The process may be as simple as filling out a form or may involve lengthy community discussions and interpretation of policy and law. If the challenge is successful, the book may be discarded, or it may sit on back-room shelves awaiting a reversal of sociopolitical fortune.

The book will be less accessible. But there will still be plenty of ways to read it. Amazon, interlibrary loan, a friend’s bookshelf or online sources like the Palace Banned Book Club are all excellent sources for this supposedly dangerous content.

The American Library Association’s Most Banned Books of 2024 reveals interesting trends. All 10 of the books, ranging from the relatively contemporary Me, Earl and the Dying Girl to the literary classic Toni Morrison’s The Bluest Eye, are challenged for being “sexually explicit.”

Many of the books are also intended for young adult audiences. For example, John Green appears on this list. He has written several books, but it is Looking For Alaska, a book based on his own boarding school experience that examines teenage identity and sexuality. It is tied for sixth on the most banned books list, with a documented total of 30 challenges.

Objections include concerns about identity formation, particularly gender and sexual identity collocated with “sexual explicitness.” Also on the list is Ellen Hopkins’ Crank, that discusses, in semi-autobiographical fashion, the protagonist’s struggles with drug addiction at a young age, as well as sex, and navigating addiction. It is fiction to be sure but rooted in truth.

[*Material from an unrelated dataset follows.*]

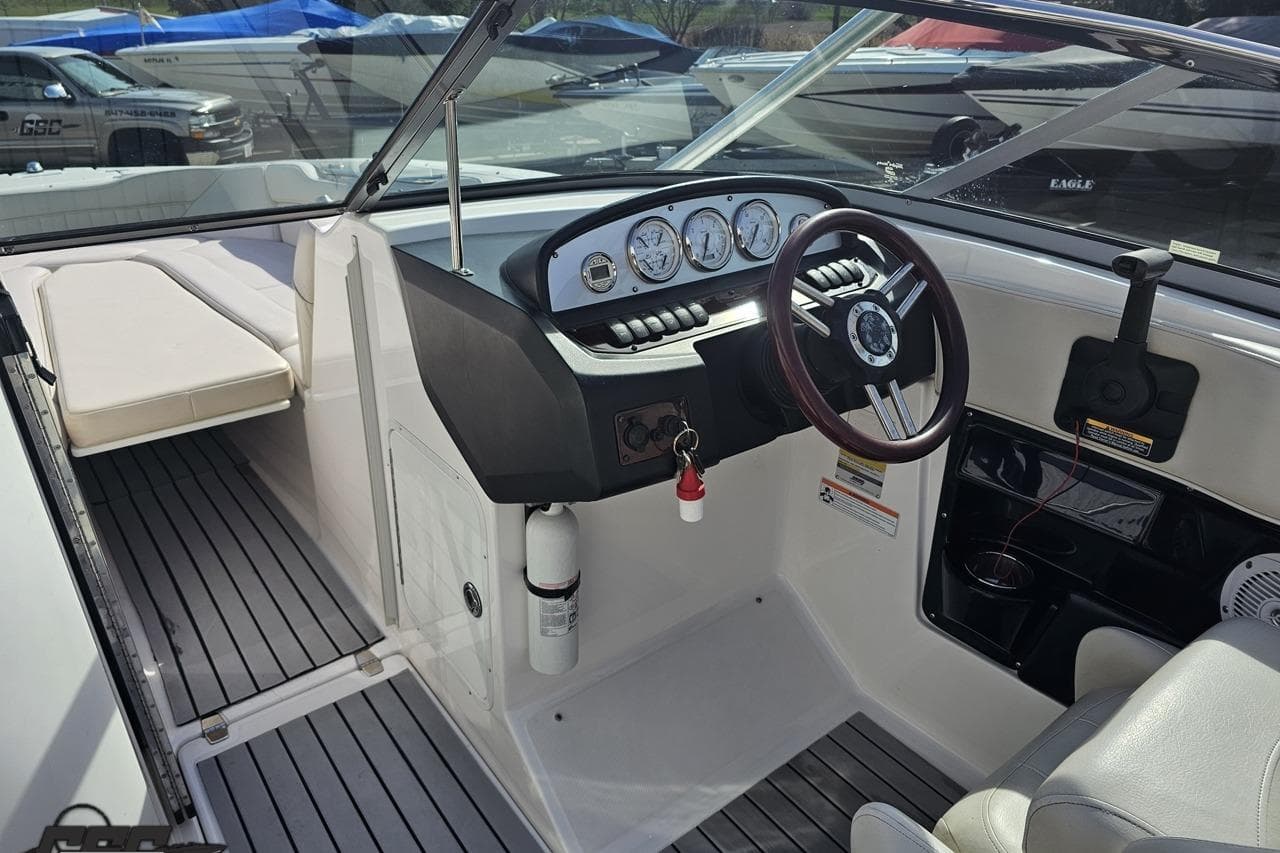 2008 Regal 2520 FasDeck boat interior with steering wheel and dashboard controls.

At the very top of the list of challenged books are two that are explicitly labeled as memoirs. In second, with 38 challenges is Maia Kobabe’s “Genderqueer.” In first place with 39 challenges is George M. Johnson’s “All Boys Aren’t Blue.”

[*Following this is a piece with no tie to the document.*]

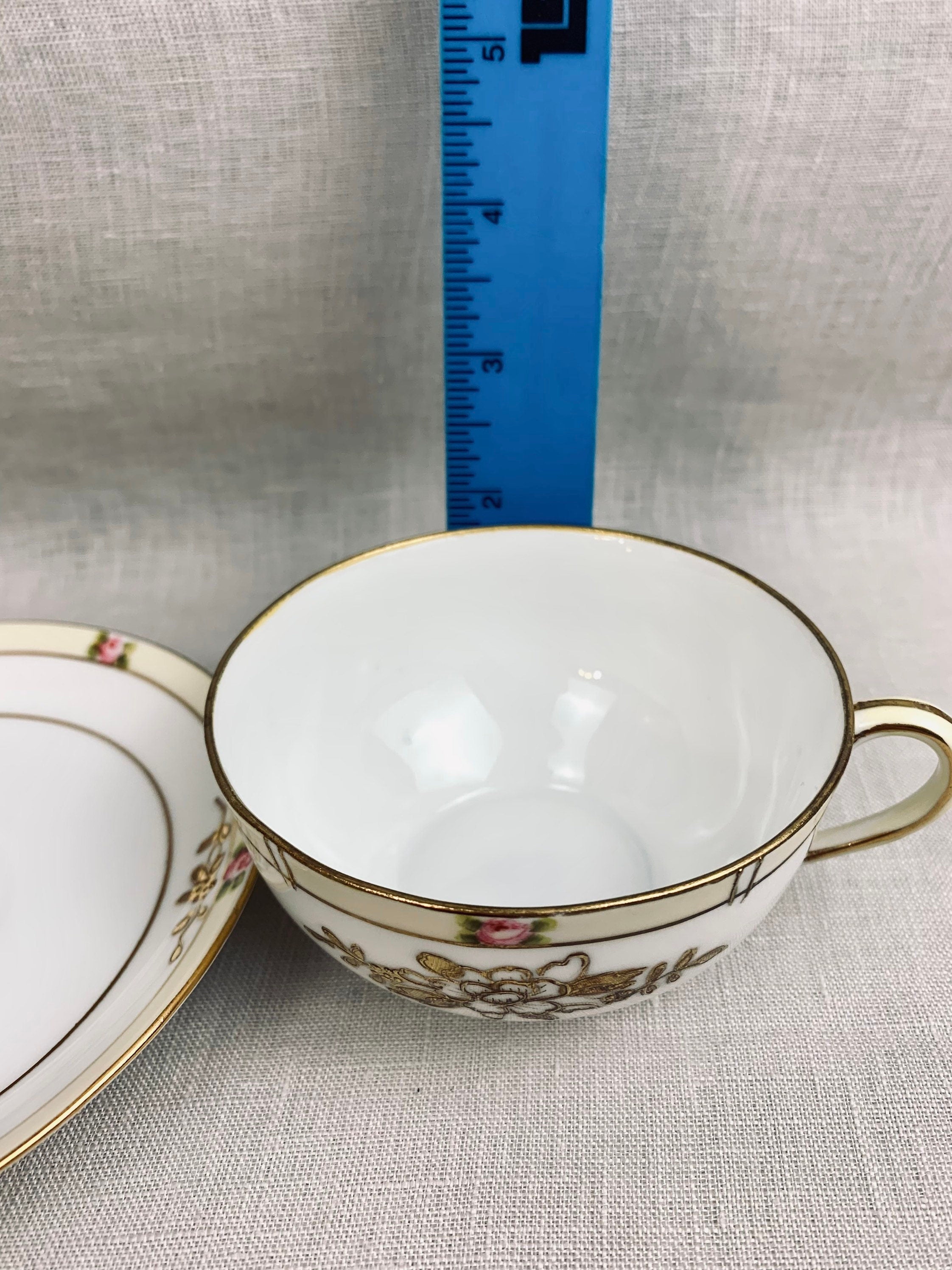 A Pair of Antique Noritake Teacups and Saucers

Both books are about people who openly identify as LGBTQIA+.  The intersection between LGBTQIA+ content and book banning are well-documented. While the intention is to eliminate the possibility of reading these books, threatening removal might only intensify the interest of folks who resonate to the identities that are explored.

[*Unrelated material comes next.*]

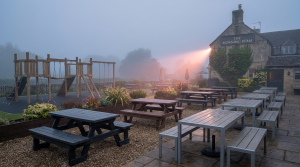 Pub Outdoor Seating - Professional 16:9 hero banner. Ultra high resolution. An evocative, slightly misty, early morning scene of a well-designed, yet empty, UK pub garden. The focus is on a strategic layout featuring robust, weatherproof pub outdoor seating (recycled plastic picnic benches and powder-coated aluminium tables) alongside a safe, EN 1176 certified children's play area with soft fall surfacing. The #737373 accent colour provides a subtle, warm glow on the polished surfaces of the furniture, hinting at potential. A single beam of light, tinged with #E2087E, cuts through the mist, illuminating the organised space. The atmosphere is quiet, authoritative, and ready for business. Style: Editorial photography with a soft, diffused light.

In an ideal world, seeking out LGBTQIA+-related information would be facilitated by local queer-affinity groups such as a school’s Gay Straight Alliance or at a local LGBTQ+ community center.

With the current administration actively eroding support to queer-affirming resources and, in some cases, making it illegal to talk about gender and sexuality in school settings, LGBTQIA+ affirming information gets further marginalized.

Questionable websites and even pornographic content become the information sources of young LGBTQIA+. The result is a frustrating escalation of the dangers which book challenges purported to be dismantling. Emergent social media platforms move faster than any tool can moderate their content.

Supportive and helpful health and identity information aimed at LGBTQ+ youth tends to get flagged and removed by automated moderation tools, which cannot differentiate between vetted information and adult entertainment content. Reliable LGBTQ+ digital information disappears at alarming rates.

Banning books that provide vital information for individuals thinking about their identities, particularly identities that are underrepresented within popular culture and media, leads people to seek that information from other sources.

If they can’t get it from their library, they can turn to the internet or to the marketplace.  To be clear, this is not an entirely negative thing. We know there is value for LGBTQIA+ youth in having  access to information across digital spaces and within media.

If a parent is uncomfortable with what they feel to be the sexually explicit nature of a book and fears content that might bring up topics about a child’s gender and sexuality too early, denying access may lead to that child finding information elsewhere.

Labeling these books as bad and making them inaccessible signals to young people that asking questions about their gender or sexuality is bad. This questioning will happen anyway

The value of a library book, even a controversial book, is that people have a public forum for evaluating and discussing its ideas and the way they are presented. Banning books denies people access to crucial information. It also cuts off the possibility of human interaction and discussion on whether and how it should be shared.

As university faculty in the leading professional education program for library and information science, we care about our students — as private individuals and as the professionals they will become. We care about our communities and their libraries.

The American Library Association’s new campaign, Show Up for Our Libraries, advocates rallying for political support and building awareness about the value of libraries.

It is critical for each person to show up at their local library and learn more about its services and collections. If you don’t like the books in a library, talk to your librarians about their collection development policy. If bans are happening in your community, show up at local board meetings and listen to the concerns that are shared from many sides and share your own.

Embrace your library as a site for the free exchange of ideas.